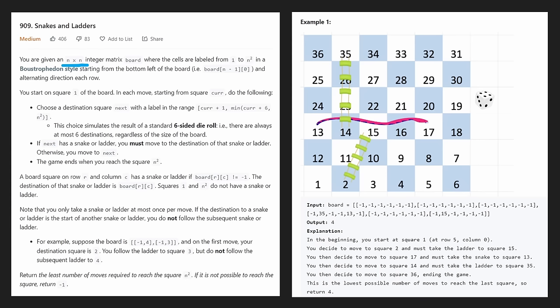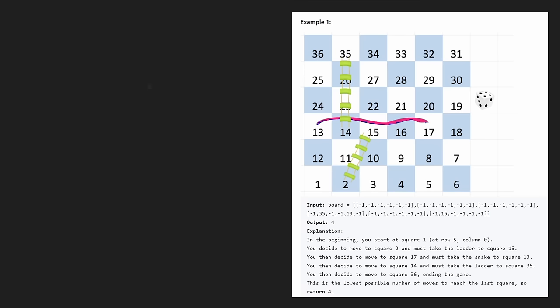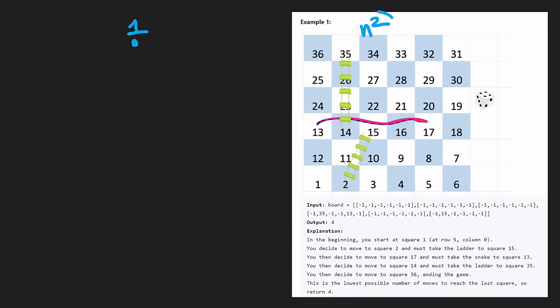I would say the hardest thing about this problem is just trying to understand it. The main thing we're actually returning is the minimum number of moves required to reach the last square — in this case, square 36. Now that we understand the question, let's start with a solution. As always, let's begin with a brute force approach. We always start at square one, and our goal is to get to the n-squared position in the minimum number of moves.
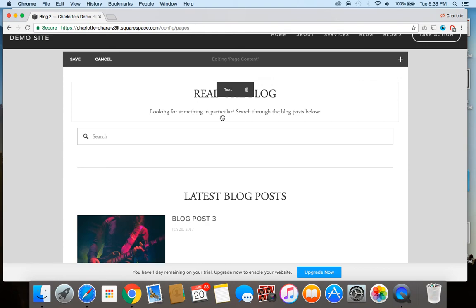And also be sure to check out my website, which is charlotteohara.ca. On my site, I've got lots more tutorials for you, as well as more content that covers things like Squarespace, website design and development, tech tips, and lots more. So again, my site is charlotteohara.ca, and I've also linked to it below in the video description. So thanks so much for watching and I'll see you later. Bye.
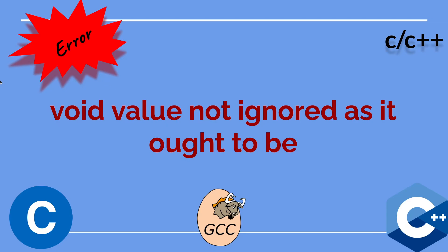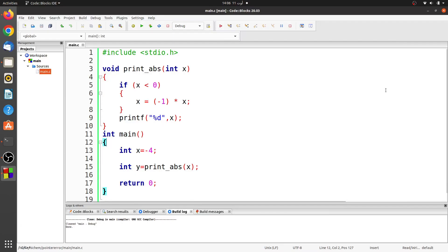Hi everyone! In this video, I will talk about the compiler error void value not ignored as it ought to be. I will explain it with an example. So let's see it.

---------------

• [WORK REQUIRED] Write the material out again exactly. Do not include the pictures.

• [SOLUTION TO THIS EXERCISE]
I would say the hardest thing about this problem is just trying to understand it. The main thing we're actually returning is the minimum number of moves required to reach the last square — in this case, square 36. Now that we understand the question, let's start with a solution. As always, let's begin with a brute force approach. We always start at square one, and our goal is to get to the n-squared position in the minimum number of moves.
And also be sure to check out my website, which is charlotteohara.ca. On my site, I've got lots more tutorials for you, as well as more content that covers things like Squarespace, website design and development, tech tips, and lots more. So again, my site is charlotteohara.ca, and I've also linked to it below in the video description. So thanks so much for watching and I'll see you later. Bye.
Hi everyone! In this video, I will talk about the compiler error void value not ignored as it ought to be. I will explain it with an example. So let's see it.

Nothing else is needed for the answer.